En cuanto a sus críticas sobre con quiénes aprueba sus leyes el Gobierno, según el PP nunca se debería pactar ni con comunistas, ni con filoetarras ni con los que ellos califican de golpistas, independientemente de qué políticas se pacten —que, tal vez, sería lo más importante—. Pero resulta que estos partidos son todos ellos legales y que sus representantes fueron elegidos en unas elecciones libres en el mismo proceso y con los mismos mecanismos con los que fueron elegidos los representantes del PP o de Vox. Entre todos ellos, suman 5 millones de votos y suponen el 20% de los que votaron en las últimas elecciones. Es decir, según el PP, uno de cada cinco votantes es ilegítimo. Si el PP piensa que sus votos no son válidos, tal vez debería promover la ilegalización de estos partidos. De no ser así, debería dejar de declararles ilegítimos, tan solo porque no le agradan sus posiciones políticas.

Antes de repartir legitimidades, el PP debería repasar sus propias ilegitimidades: la más flagrante de todas, su negativa a cumplir la Constitución en la renovación del CGPJ, pero también la utilización de la policía de todos para suprimir las pruebas de su financiación ilegal (caso Kitchen), o su propia financiación ilegal (caso Gürtel) u otra media docena de tramas con nombres propios todavía inmersas en procesos judiciales.

Nuestra derecha —dejemos para otro día a la ultraderecha— tiene una visión muy estrecha de lo que es España, en la que, al parecer, solo caben los que piensan como ellos. No discrepan simplemente de otras posiciones —que sería lo habitual en democracia— sino que las demonizan y deslegitiman, repartiendo acusaciones de traición y de romper España a casi todos los demás.
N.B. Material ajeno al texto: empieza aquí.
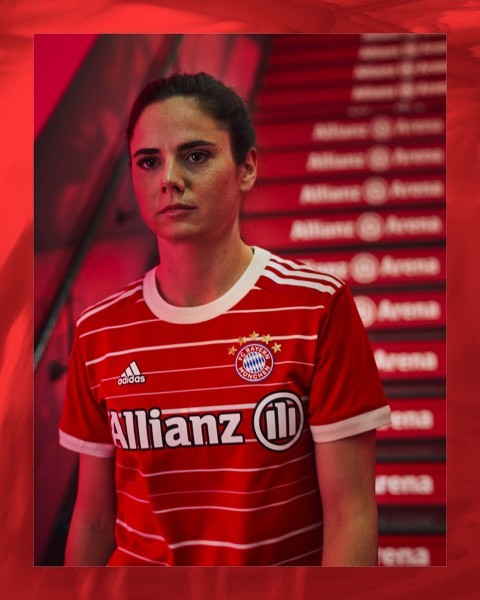 Maglia FC Bayern München Stanisic 44 Divisa Prima 2022/23 Manica Lunga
No acuerdan nada con la izquierda, no cumplen sus obligaciones constitucionales, no abordan los problemas acuciantes del país, no ofrecen propuestas, se pasan el día flameando banderas y quitando credenciales de españolidad, cuando no agitando fantasmas como el de la extinta ETA. Su “política” para Cataluña —si cabe llamarla así— consiste en endurecer el código penal y en negarse a todo diálogo con las fuerzas electoralmente hegemónicas de esa comunidad. Demoniza a los partidos independentistas, obviando que estos son tan solo el reflejo de una sociedad dividida en dos mitades, una de las cuales desea abandonar España.

¿Es esto todo lo que cabe esperar de la —en terminología de la Commonwealth— “leal oposición”? Tal vez lo que esté ocurriendo es que creen estar tocando el poder con las manos y han decidido echar “el resto”, que ellos entienden consiste en demonizar al contrario, negarle toda legitimidad y rechazar cualquier acuerdo con él.